Je me pose la question pour les adjectifs numéraux, placés eux aussi devant le sujet. _Vingt mille lieues sous les mers_, _Cent ans de solitude_, _Dix petits nègres_... Pour moi, on devrait écrire _Vingt Mille Lieues sous les mers, Cent Ans de solitude_ et _Dix Petits Nègres_, mais je ne trouve quasiment aucune occurrence de ses écritures (même "petits" n'est pas capitalisé) sur des sites pourtant sérieux et souvent rigoureux. Y a-t-il une subtilité dont je n'aurais pas connaissance ? 

Merci !


----------



## jekoh

PoorLeno said:


> les titres d’œuvres prennent des majuscules 1) au premier mot 2) au sujet 3) aux adjectifs s'ils sont devant le sujet. Du genre _Le Petit Prince_ mais _Le Banquier anarchiste_.


Les points 2 et 3 ne s'appliquent que si le titre commence par un article défini.


----------



## Maître Capello

Exactement. Il est donc recommandé d'écrire :

_Le Petit Prince
Le Banquier anarchiste
Le Bon Usage
La Chartreuse de Parme
Les Fleurs du mal_

Mais :

_Vingt mille lieues sous les mers
Cent ans de solitude
Dix petits nègres
Un amour de Swann_


----------



## PoorLeno

Tout s'explique ! Rien à voir avec l'adjectif numéral en fait. Merci !

Du coup, on écrira _Les *Q*uatre *C*ents *C*oups_, j'imagine ?

Edit : 

Je me permets d'abuser un peu, j'ai relu le sujet du coup (merci d'avoir déplacé mon post) et j'ai tiqué sur un point :

Chaque élément d'un titre coordonné par _ou_ ou par _et_ prend la majuscule, particulièrement lorsqu'il y a une symétrie ou une opposition (_Le Rouge et le Noir_, _La Belle et la Bête_).

Quid de _La Ville et les chiens (Chiens) _? Instinctivement je n'avais pas mis de majuscule parce qu'il n'y a visiblement ni symétrie ni opposition, mais votre règle semble indiquer que c'est automatique.


----------



## Maître Capello

On écrit bien _Les Quatre Cents Coups_, de même que _Les Trois Mousquetaires_.

Quant à _La Ville et les chiens_, il n'y a en effet pas vraiment d'opposition ni de symétrie entre _ville_ et _chiens_, donc pas de bonne raison d'écrire _chiens_ avec une majuscule.


----------



## PoorLeno

Dans ce cas nous sommes d'accord, comme souvent 

Merci encore !


----------



## PoorLeno

Pardon d'en remettre une couche mais je me pose chaque fois des questions supplémentaires au fil de mes corrections, et là je ne trouve pas la réponse.

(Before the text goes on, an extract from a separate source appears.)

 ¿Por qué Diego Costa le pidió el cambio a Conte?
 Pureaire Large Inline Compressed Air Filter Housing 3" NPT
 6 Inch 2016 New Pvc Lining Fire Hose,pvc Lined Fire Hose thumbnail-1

Quid de _René ou la vie de Chateaubriand _(André Maurois) ?

La logique voudrait qu'on mette une majuscule à "vie", pour moi il y a symétrie (type _Candide ou l'Optimisme_) mais je ne trouve pas de résultat allant dans ce sens. Seule la BNF opte pour _René ou *L*a vie de Chateaubriand _(BnF Catalogue général) qui me semble assez hasardeux.


----------



## Maître Capello

Dans ces deux cas, je ne mettrais personnellement pas de majuscule au substantif qui suit la conjonction de coordination, car je n'y vois nulle opposition ou symétrie :

_René ou la vie de Chateaubriand
Candide ou l'optimisme_


----------



## PoorLeno

Merci de votre réponse !

Mais sans appeler ça une symétrie je trouve quand même qu'il y a une distinction entre deux titres par ce "ou" qui les souligne. 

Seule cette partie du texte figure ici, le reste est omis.